SINGAPORE - Prices of completed small condo units and apartments have gone from being the most resilient segment in an NUS price index during 2013 and 2014 to being the worst performer last year.
Based on the latest flash estimates for December 2015 from the National University of Singapore (NUS) for its Singapore Residential Price Index (SRPI) series, the sub-index for small units of up to 506 square feet islandwide slipped 4.3 per cent last year.
This is a larger drop compared with declines of 3.6 per cent in the index for the Central Region (excluding small units) and 3 per cent for the Non-Central Region (again excluding small units).
The Central Region is defined as Districts 1-4 (including the financial district and Sentosa Cove) and the traditional prime residential districts of 9, 10 and 11 by the NUS' Institute of Real Estate Studies, which minted the SRPI series tracking prices of completed non-landed private homes.
The Overall SRPI shed 3.3 per cent in 2015.
DTZ South-east Asia chief executive Ong Choon Fah said the finding was not surprising. "When these small apartments and condos are completed, people get to see just how small they are. And we are starting to find small units in the suburbs; it is a question of who is going to occupy them. If they are put up for rental, potential tenants may find that for the same rental outlay, they can lease a much bigger HDB flat."
In 2014, the small unit SRPI eased 4.1 per cent, which was a smaller drop compared with the declines of 5.6 per cent in the Central Region, 4.5 per cent in the Non-Central Region and 5 per cent for the Overall index.
In 2013, the small unit index was the star performer, rising 3 per cent. Prices in the Non-Central Region were flat, while those in the Central Region fell 1.9 per cent. The Overall SRPI fell 0.9 per cent in that year.
For December 2015, the Overall SRPI dipped 0.4 per cent over the previous month. Prices fell 0.6 per cent in the Central Region and 0.2 per cent in the Non-Central Region. The small unit index was flat.

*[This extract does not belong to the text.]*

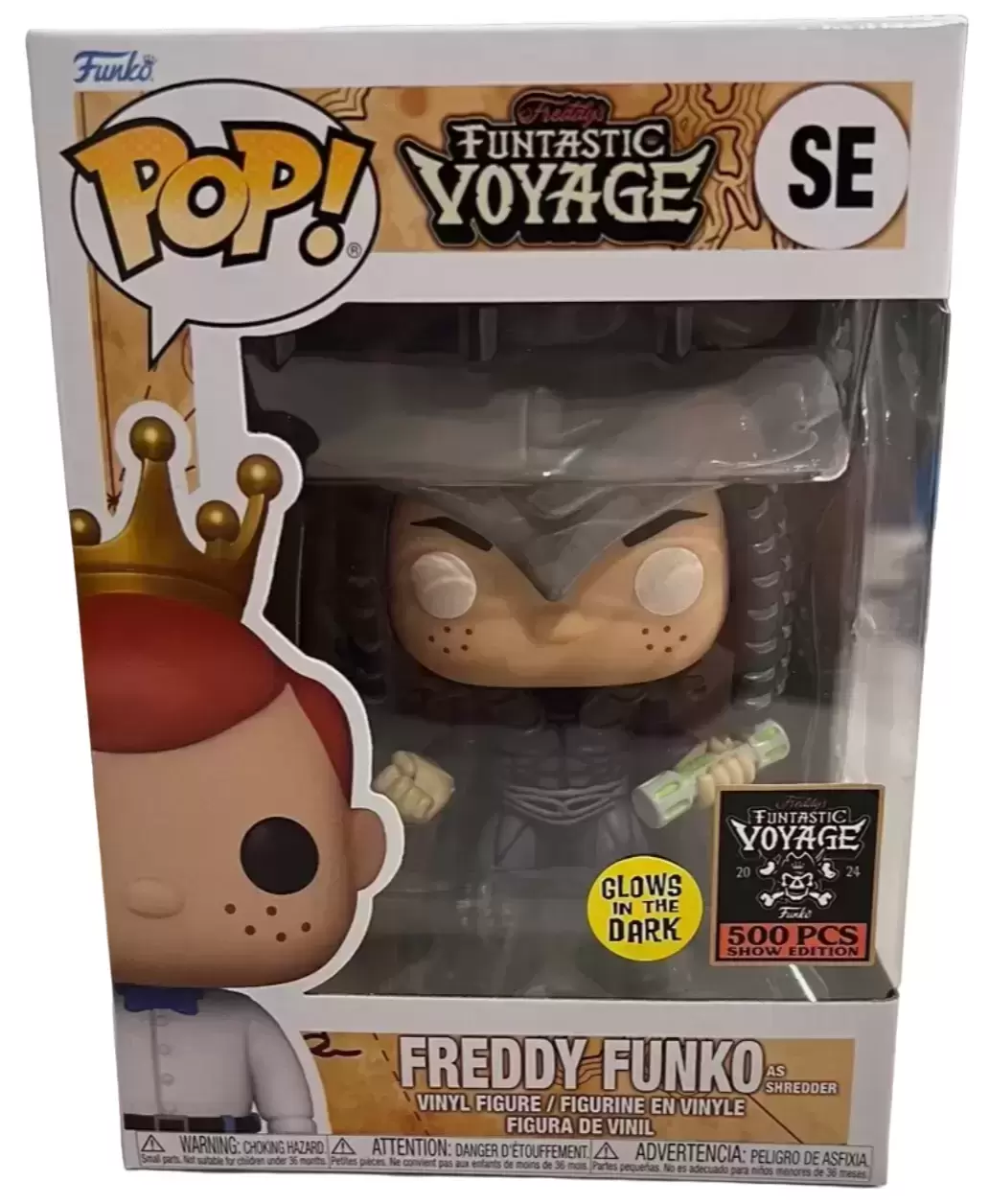 POP! Funko - Funtastik Voyage - Freddy Funko as Shredder GITD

Mrs Ong is not sanguine about prospects for completed small condos and apartments in the suburban areas. As more of these are completed, and if their owners do not wish to live in them or find it challenging to get a tenant, they may be prepared to cut their loss or take a small profit if there is one and sell their property. "Whether these properties are occupied or not, there is still a holding cost; you have to pay your maintenance charges, property tax and mortgage instalment."